### PROBLEM STATEMENT
The records are set out below this line. Return exactly the lines from the one containing "Hotel Ambassador Hotel" through the last, and exclude the pictures.

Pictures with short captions
'''
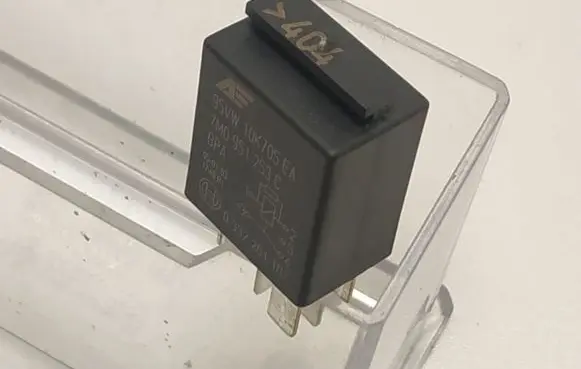 Volkswagen Touran I Other relay 7M0951253C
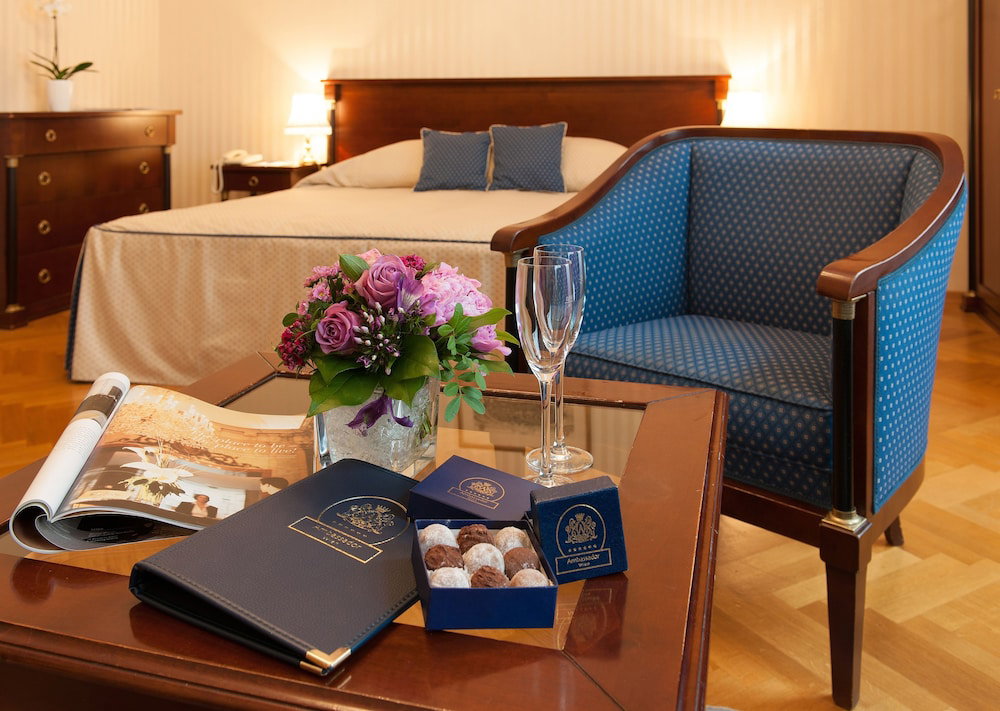 Hotel Ambassador Hotel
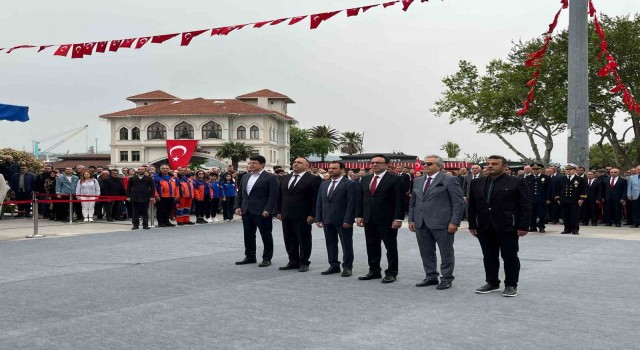23 Nisan Bandırmada coşkuyla kutladı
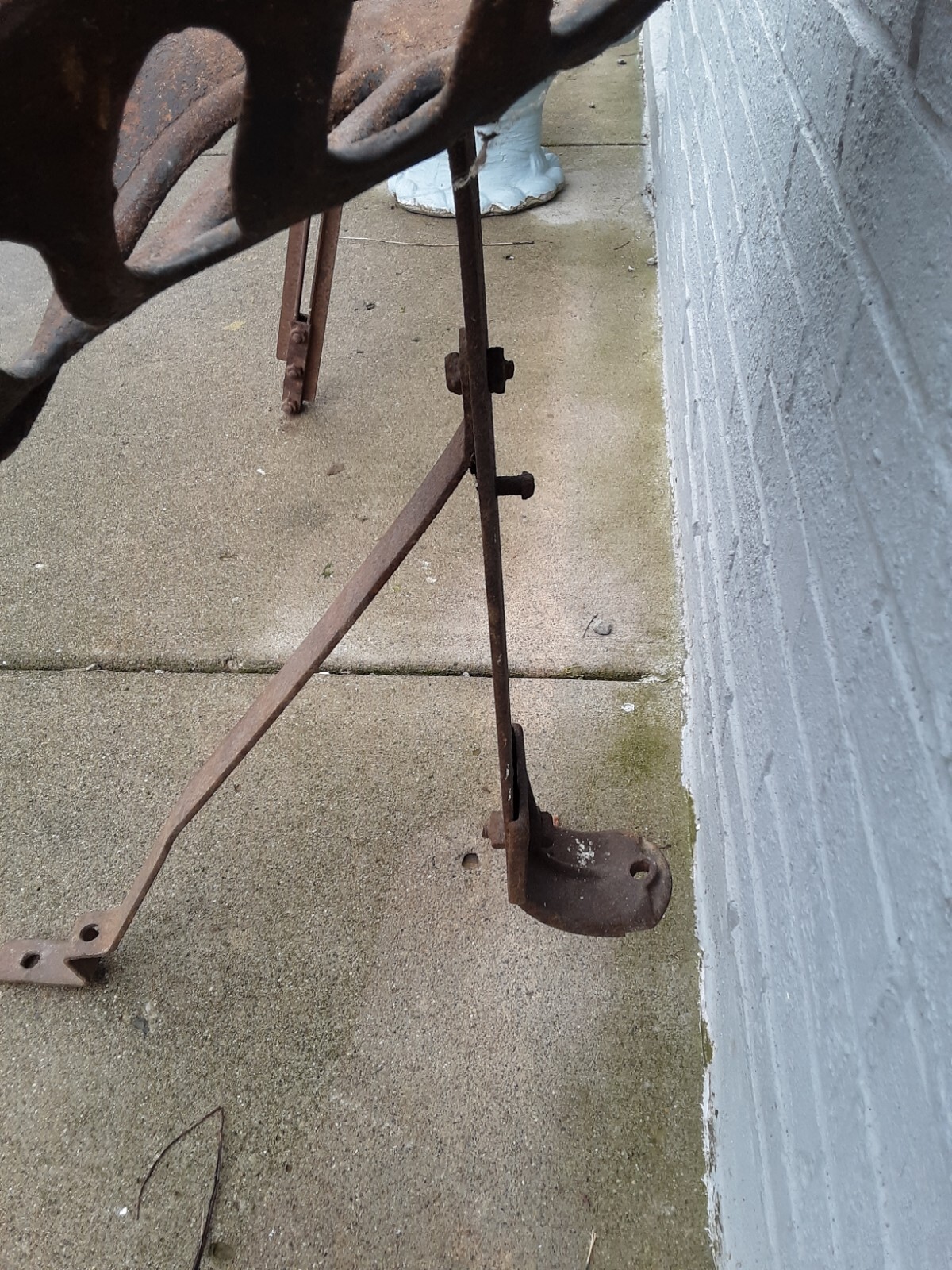 Antique Whitely Cast Iron Farm Tractor seat with original Assembly Post bracket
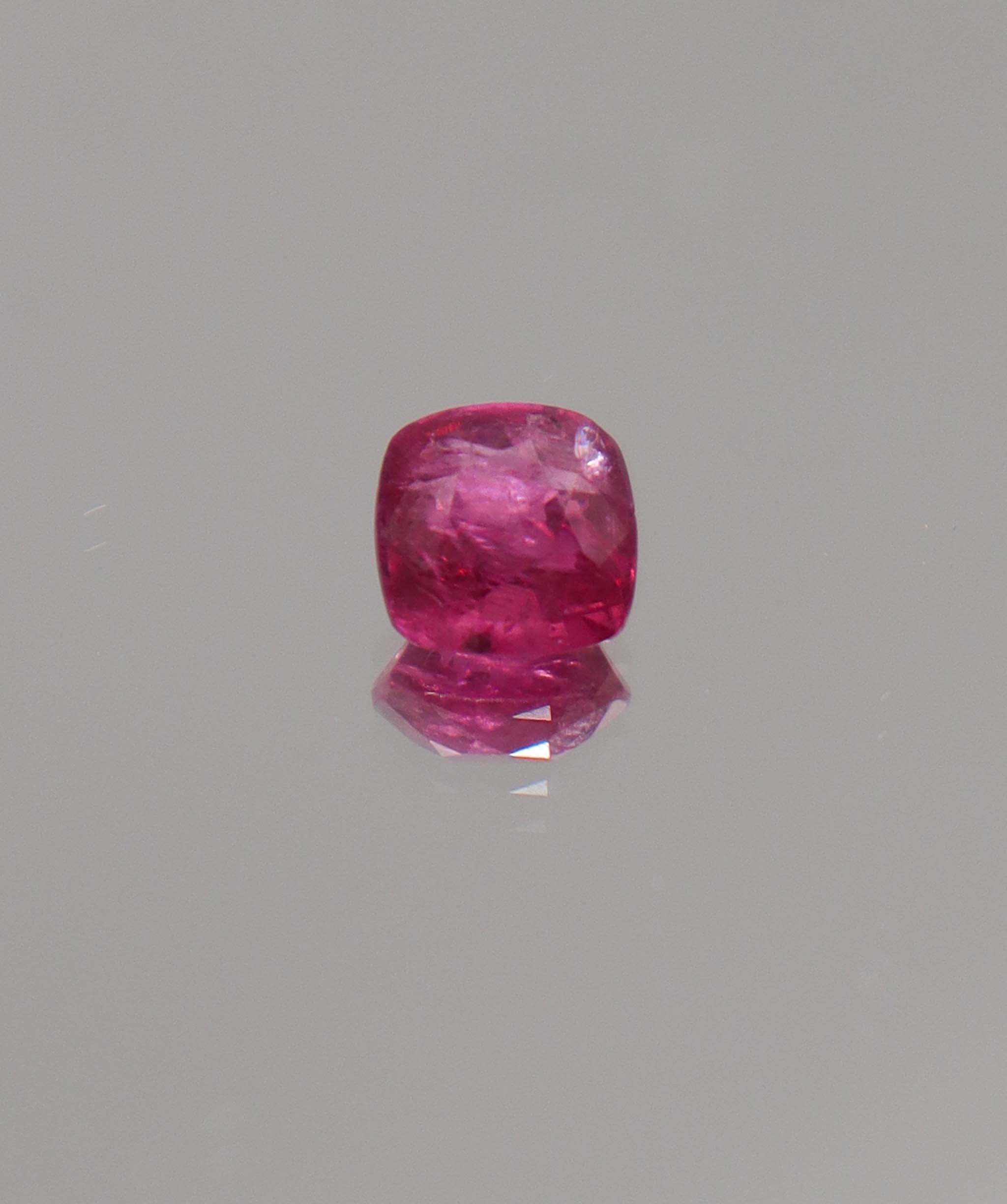 Luxury Promise 1.40ct Hot Pink Mahenge Spinel Cushion DXBCD0331
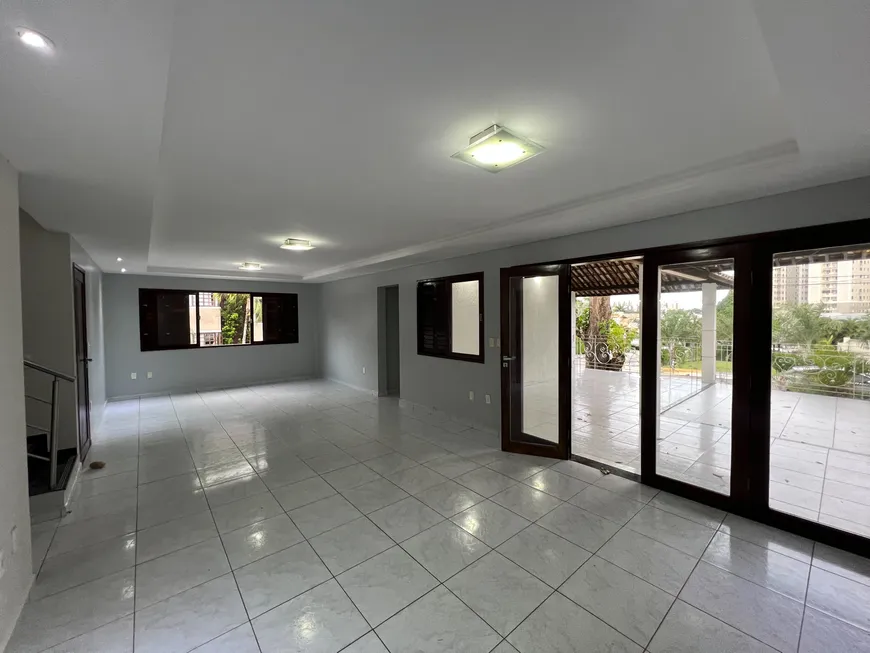 Foto 1 de Casa com 4 Quartos à venda, 335m² em Emaús, Parnamirim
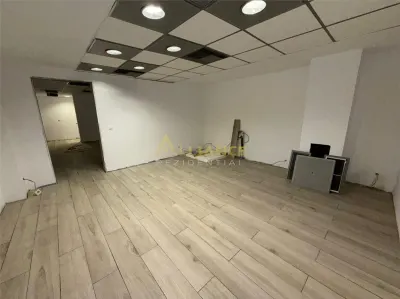 Spatiu comercial premium pe Bulevardul Marasesti - 234 mp, parter si etaj, flexibil pentru orice business - foto 7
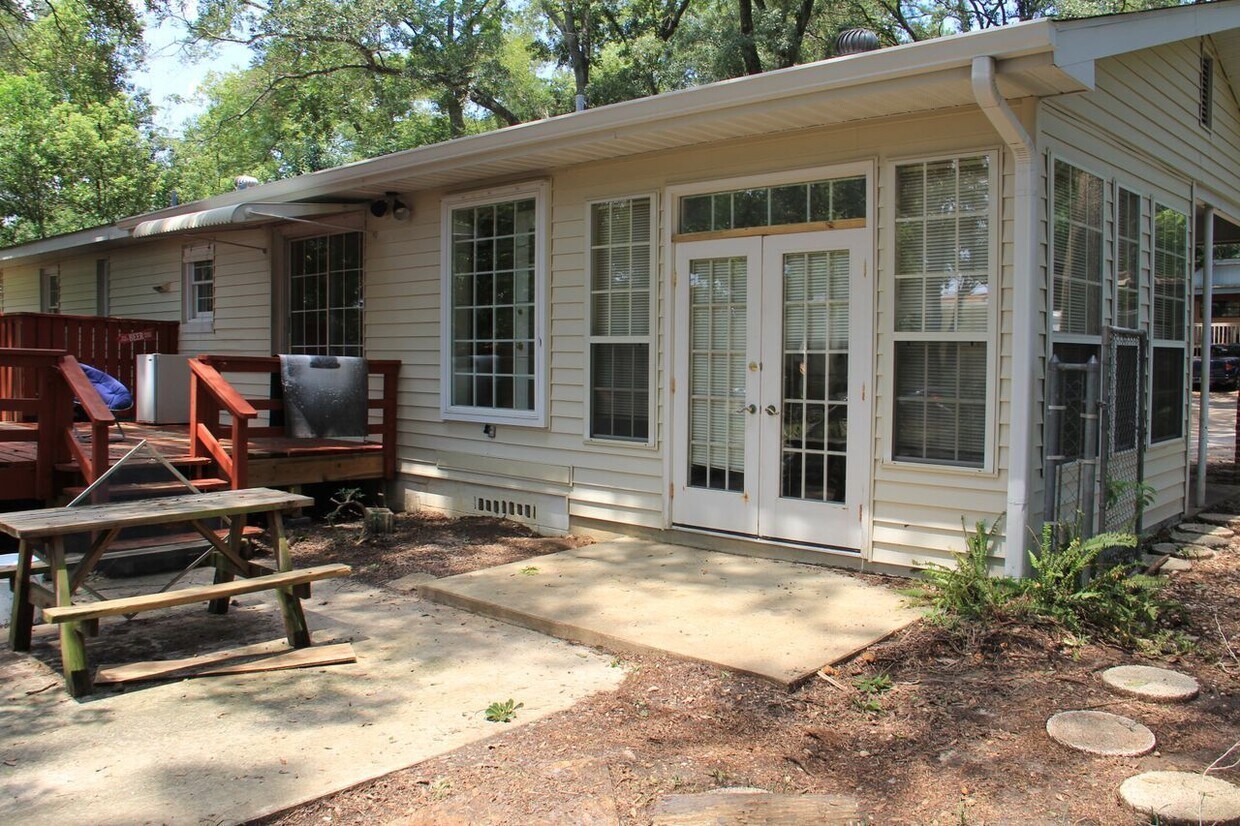 Building Photo - 1903 Crabapple Dr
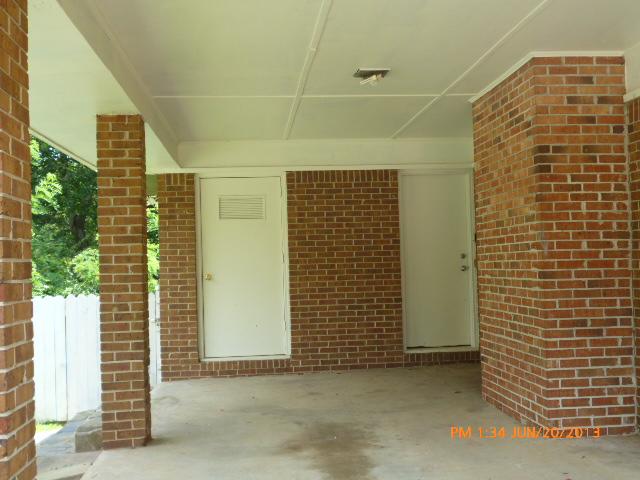 6522 Menlo Way, Rex, GA 30273 photo 2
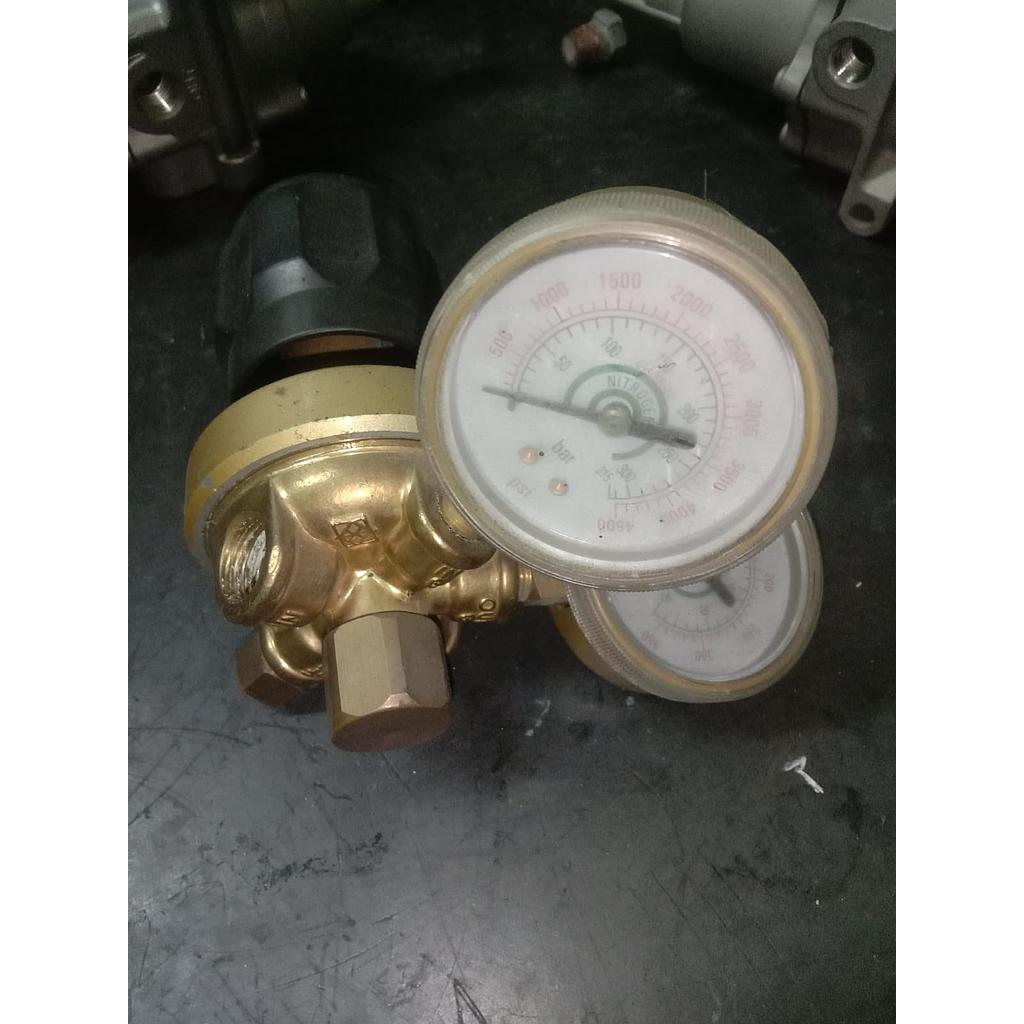 Regulator Gas Tanaka, Inlet 4500 PSI, Outlet 350 PSI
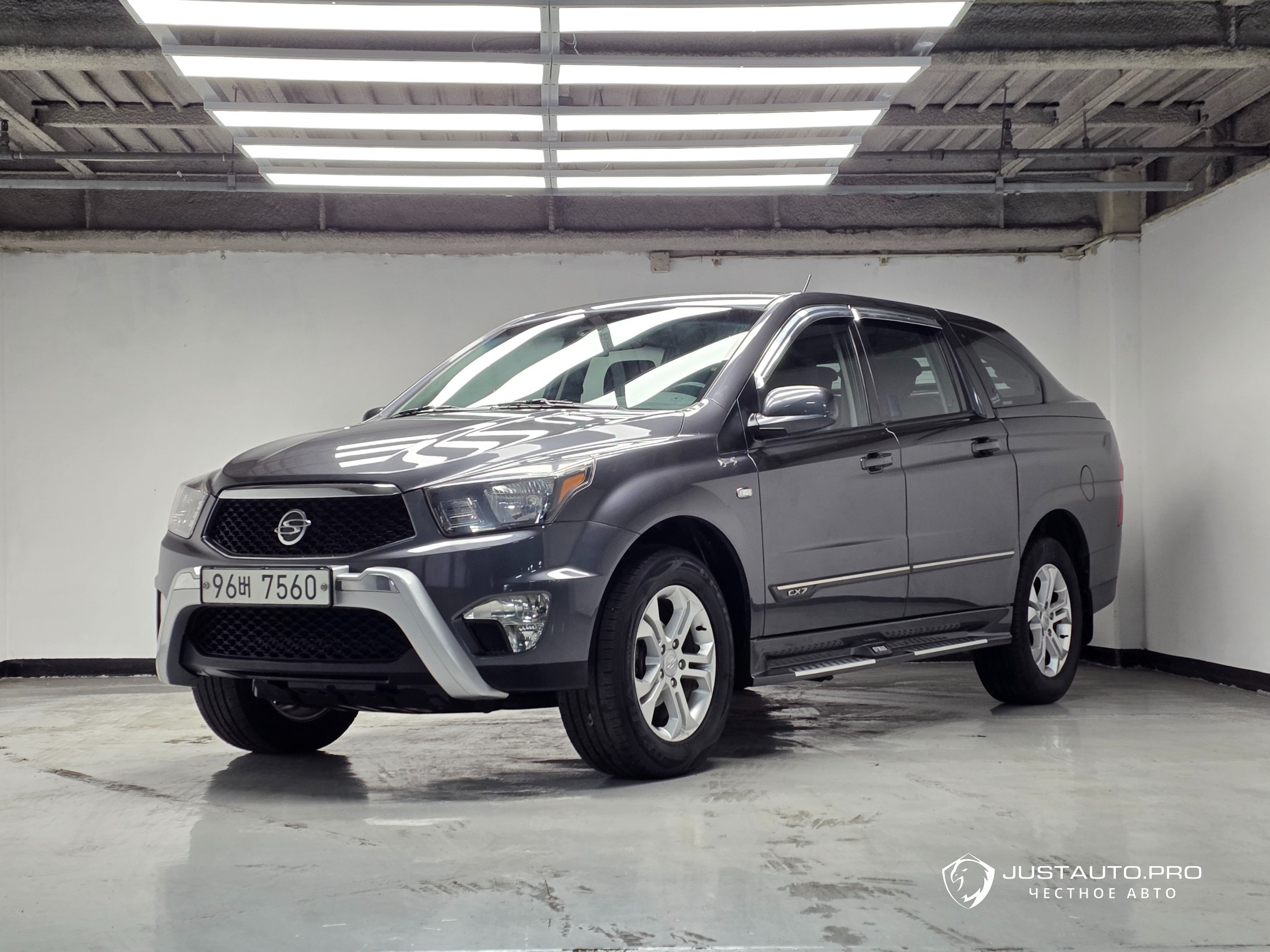 Автомобиль KG_Mobility_Ssangyong KORANDO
'''
### RESPONSE TO THE TASK
 Hotel Ambassador Hotel
23 Nisan Bandırmada coşkuyla kutladı
 Antique Whitely Cast Iron Farm Tractor seat with original Assembly Post bracket
 Luxury Promise 1.40ct Hot Pink Mahenge Spinel Cushion DXBCD0331
 Foto 1 de Casa com 4 Quartos à venda, 335m² em Emaús, Parnamirim
 Spatiu comercial premium pe Bulevardul Marasesti - 234 mp, parter si etaj, flexibil pentru orice business - foto 7
 Building Photo - 1903 Crabapple Dr
 6522 Menlo Way, Rex, GA 30273 photo 2
 Regulator Gas Tanaka, Inlet 4500 PSI, Outlet 350 PSI
 Автомобиль KG_Mobility_Ssangyong KORANDO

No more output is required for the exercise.